Finance ministers and central bank governors from the world’s 20 major economies are scheduled to wrap up their talks Friday. Attacks on globalization have risen in prominence with the June vote in Britain to leave the European Union and the US presidential campaign of Donald Trump.
The G-20 talks were being held in advance of the annual meetings of the 189-nation International Monetary Fund and its sister lending organization, the World Bank. Trump has made attacks on immigrants in the US illegally and America’s huge trade deficits central tenets of his campaign.
The root cause of both issues has been a prolonged anemic recovery from the Great Recession that followed the 2008 financial crisis, something that officials readily acknowledge. “We see growth as too low for too long and benefiting too few,” IMF Managing Director Christine Lagarde told reporters on Thursday. “It’s fertile … ground for political dynamics that can depress global growth even more.”
Lagarde said finance leaders need to pursue broader policies to boost anemic growth rates that go beyond the current heavy reliance on monetary policy to include increased government spending and tax cuts where feasible and attacking structural impediments to growth. She said it was critical to make greater efforts to make sure that the economic benefits were more widely shared.
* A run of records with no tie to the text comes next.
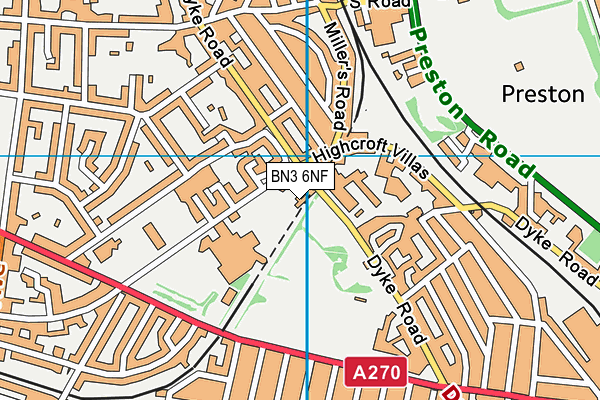 BN3 6NF map - OS VectorMap District (Ordnance Survey)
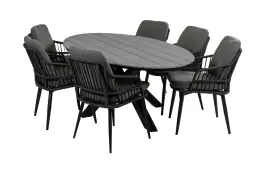 7-delige tuinset | 6 Isabel tuinstoelen (Black) | 220cm ovale Cyprus tuintafel (Grey)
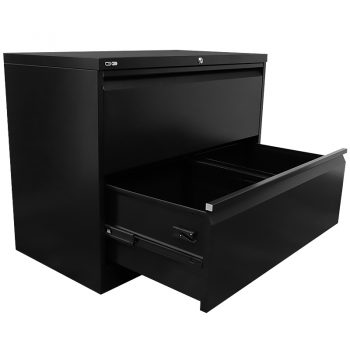 Black lateral filing cabinet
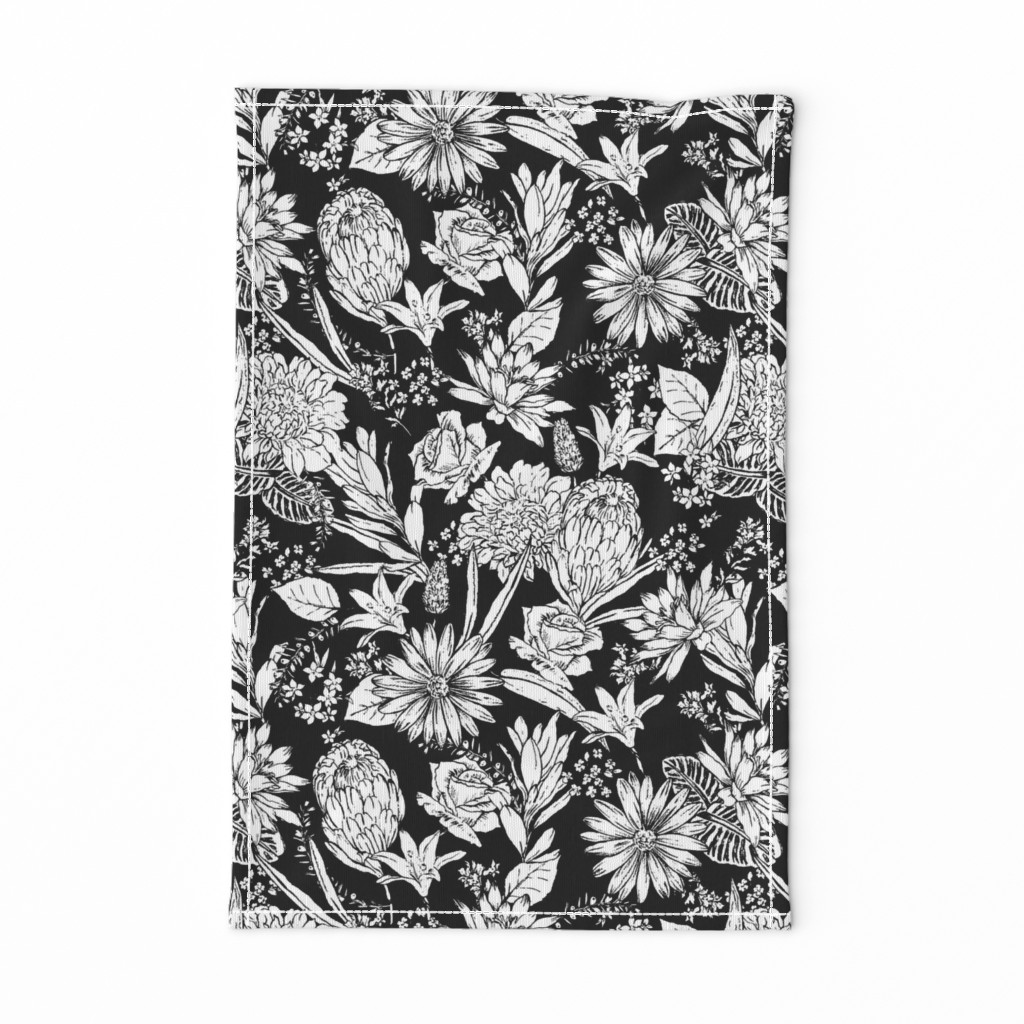 Black and white floral garden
Speaking at an opening news conference, Lagarde refused to specifically address the attacks being made by Trump, who contends that Washington policymakers have failed to reach good trade deals and are letting China, Mexico and other countries pursue unfair trade practices that have cost millions of American jobs and resulted in stagnant wage growth. Trump has also vowed to crack down on illegal immigration.
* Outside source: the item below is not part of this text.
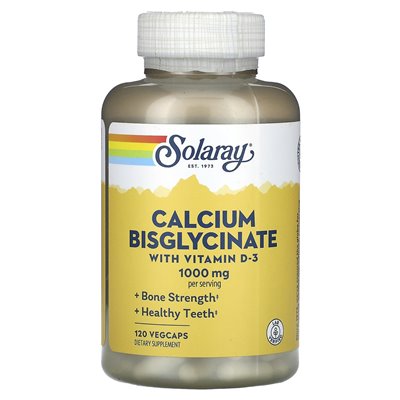 Solaray, Calciumbisglycinat, mit Vitamin D-3, 1000 mg, 120 pflanzliche Kapseln (250 mg pro Kapsel)
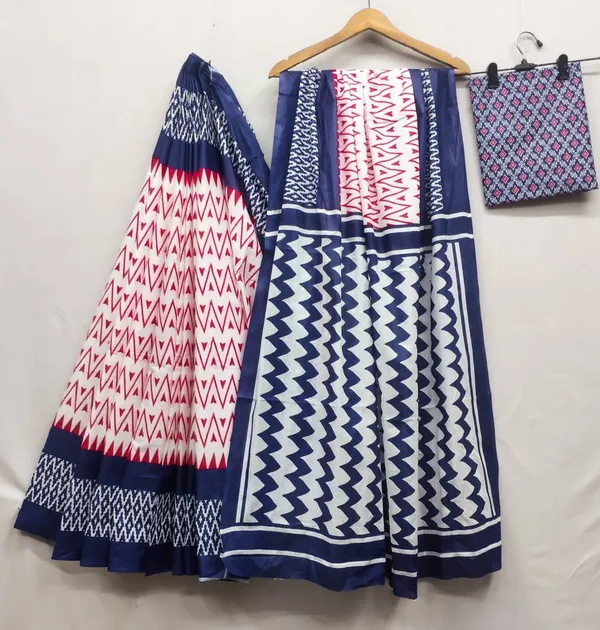 HANDICRAFT_IKKAT_PURE_SOFT_MUL_COTTON_SAREE_WITH_BLOUSE_PIECE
“I don’t comment on US elections. I simply note that trade has been … a great engine for growth,” Lagarde said, adding that trade has helped lift millions of people around the world out of poverty.
In Britain, the June 23 vote to leave the EU was also seen as a backlash against globalization and rising levels of immigration in Europe. Lagarde said instead of abandoning efforts to lower trade barriers, now was the time to make sure the benefits of trade were more equally shared. She said there was a need for “inclusiveness, the determination to make it work for all, to pay attention to those at risk of being left out.”
World Bank President Jim Yong Kim said there are now more developing nations in recession than at any time since 2009 at the depths of the Great Recession. He blamed the rising weakness on falling commodity prices and a slowdown in trade flows. Kim said finance officials need to expand efforts to attack inequality.
In an updated economic outlook prepared for these meetings, the IMF said global trade in goods and services will grow just 2.3 percent this year, the worst showing since a 10.5 percent fall in trade during the depths of the Great Recession in 2009.
The IMF’s updated economic outlook downgraded its estimate for US economic growth in 2016 to 1.6 percent, from the 2.2 percent it had predicted in July, reflecting the extremely weak start to the year. The US economy grew at an annual rate of 2.6 percent in 2015. The IMF is projecting overall global growth this year at a lackluster 3.1 percent.
The IMF and World Bank meetings will conclude Saturday following separate sessions of their policy-setting bodies. US Treasury Secretary Jacob Lew and Federal Reserve Chair Janet Yellen were representing the United States at the talks.
Lew said the United States would continue to argue that countries cannot simply rely on low interest rates engineered by their central banks to get out of the current global slowdown. He said governments should also be pursuing structural reforms and increased spending in such areas as infrastructure.
“We need to use all the policies that we have,” he said during an appearance at the Peterson Institute for International Economics. Lew said he believed support was building in other nations for greater use of government spending to help the recovery effort although he said he did not want to “over-dramatize” the movement.
Lew also repeated the Obama administration’s call for passage this year by Congress of the 12-country Trans-Pacific Partnership trade deal even though both Trump and Democratic presidential nominee Hillary Clinton have come out against the pact.